塗工機の目的は、被塗材への塗工材料の接着と表面処理を含めた機能追加であり、そのため、各種の塗工機が用途に応じ製造され、使い分けられます。

塗工機の代表的な種類として、以下の6つが挙げられます。

1. ロールコータ

ロールコータは、フィルムやシートなどの薄い平面状の基材へ塗工材料を塗布することを目的として、各種ローラーを複数組み合わせることで、最適な塗工面を得る機械です。

塗布する薬液の液溜まりに接するローラーの回転と、フィルムやシートなどの材料の巻取り回転とを利用して塗布するグラビアコーターやリバースコーターなどがあります。塗布する薬液の性質や粘度、塗布する膜厚に応じてさまざまな塗布方法が用いられます。

ロールtoロールでの塗布は、最も高速塗布に向いている方法です。この方法の特徴は、塗布液と被塗布対象物の間でビードを形成し被塗布対象物、または被塗布対象物とロールの両方が移動したり回転したりすることで、塗液にせん断力をかけ薄く塗布することです。このビードを安定化させることが、高品質な塗布には欠かせません。

2. スピンコータ

スピンコータは、一般的に回転するテーブルと薬品を塗布する機構で構成されます。主に回転するテーブルには塗布される製品などの材料が待機し、製品などの材料に薬液を吐出後、テーブルが回転する遠心力で製品などの材料全体に薬液が広がり薬液膜が形成されます。

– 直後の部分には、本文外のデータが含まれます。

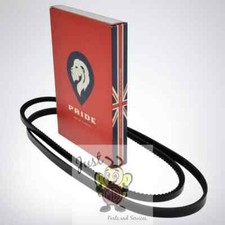 GCB10900  MGB1800 Fan Belt (All CB Cars 1962-74)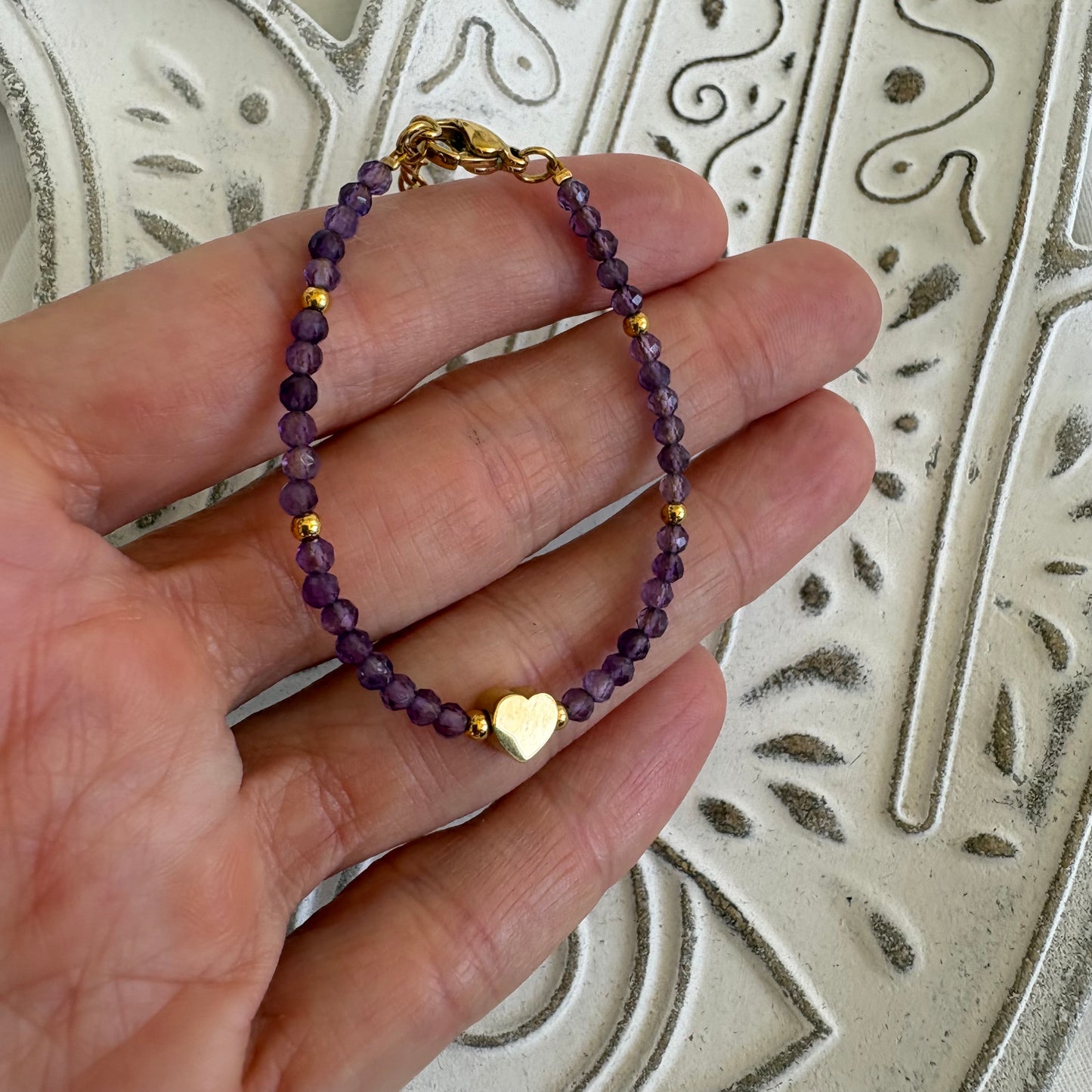 Pulsera infantil Little Angels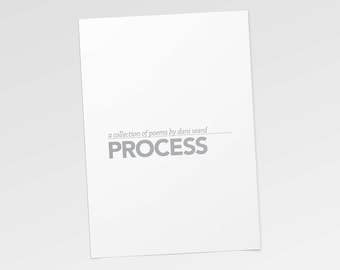 Process: A Collection of Poems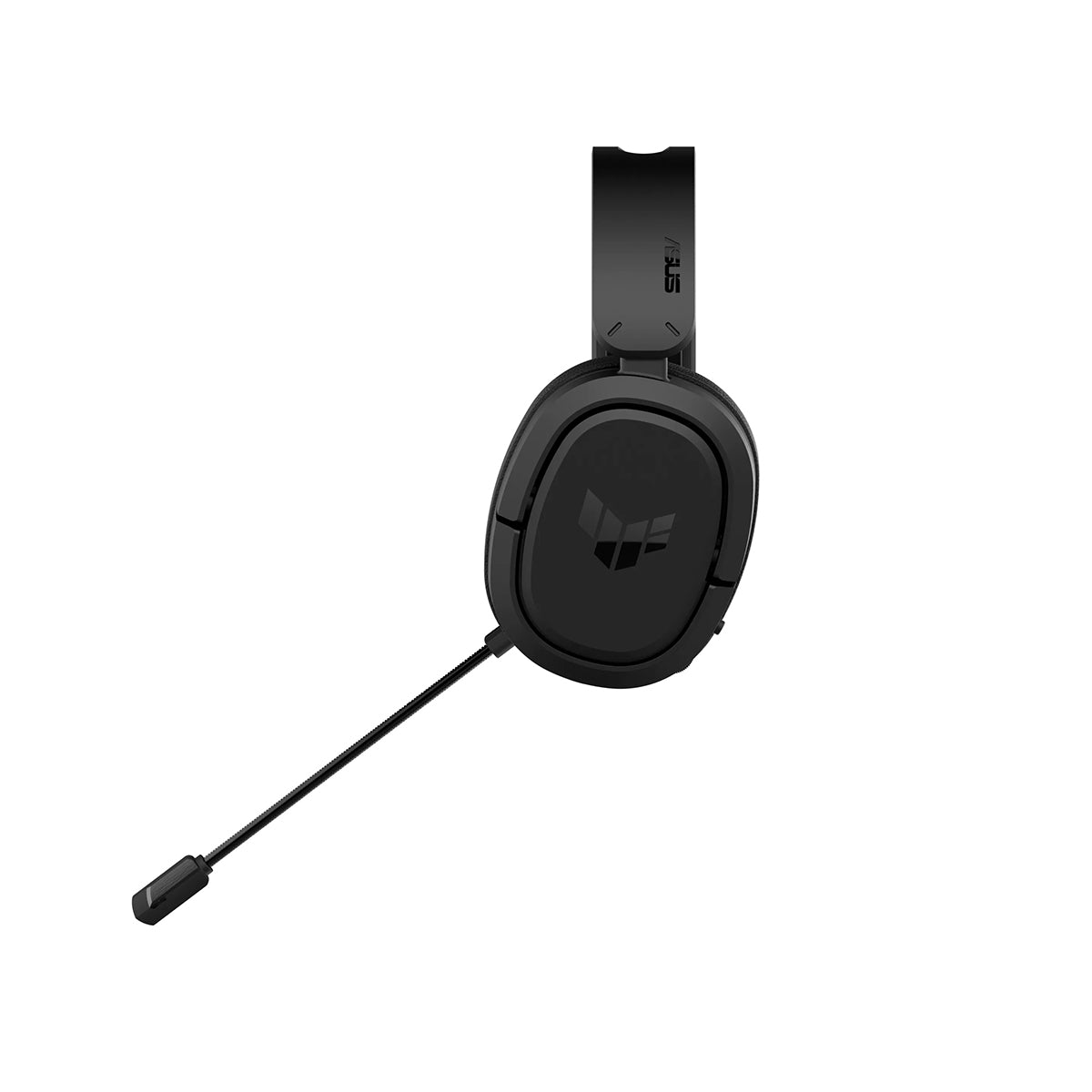 Asus TUF Gaming H1 Wireless Gaming Headset (Black) (2602)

最も薄く塗布できる手法ですが、複数枚の塗布や連続生産ができないため、大量生産には不向きです。

3. ディップコーター

ディップコーターは、ディップ方式と呼ばれ、ディップコート液に浸けて引き上げる塗布に用いられます。対象物の形状は問わず、塗布液のロスが少なく、均一な薄膜を形成することができるのが特徴です。

4. スリットコーター

スリットコーターは、スリットの入ったノズルから塗液を吐出することで塗布するコーターです。ダイコーター、スロットダイなどと呼ぶこともあります。被塗布対象物はテーブルの上に載せられ、薬液ノズルから薬液を吐出しながら製品などの材料をスキャンすることで薬液膜が形成されます。

5. スプレーコーター

ガラスなどの素材の表面に行われるスプレー塗布で使われています。

6. インクジェットコーター

製版を使わずに高精細印刷ができるもので、エレクトロニクス分野では欠かせない基板への精細パターン製作が可能です。

塗工機のその他情報

コーティングの欠陥

高性能な塗工機にて塗布を行っても、塗液や塗布条件によっては綺麗な塗布面が得られないことがあります。塗布や乾燥によって、塗布面に欠陥が生じる場合があり、これらの欠陥は、各々対策方法が分かっており、対策が必要です。

1. 塗布によって発生する欠陥
塗液を塗布する際に、空気が逃げ切れないために発生する空気同伴、塗布方向に対して逆圧力勾配ができるために発生するリブすじ、塗液中に泡があるために発生するすじやホールなどが挙げられます。

2. 乾燥によって発生する欠陥
乾燥速度が早すぎるために発生するゆず肌、熱風乾燥によって発生する風紋、塗膜の収縮による割れなどです。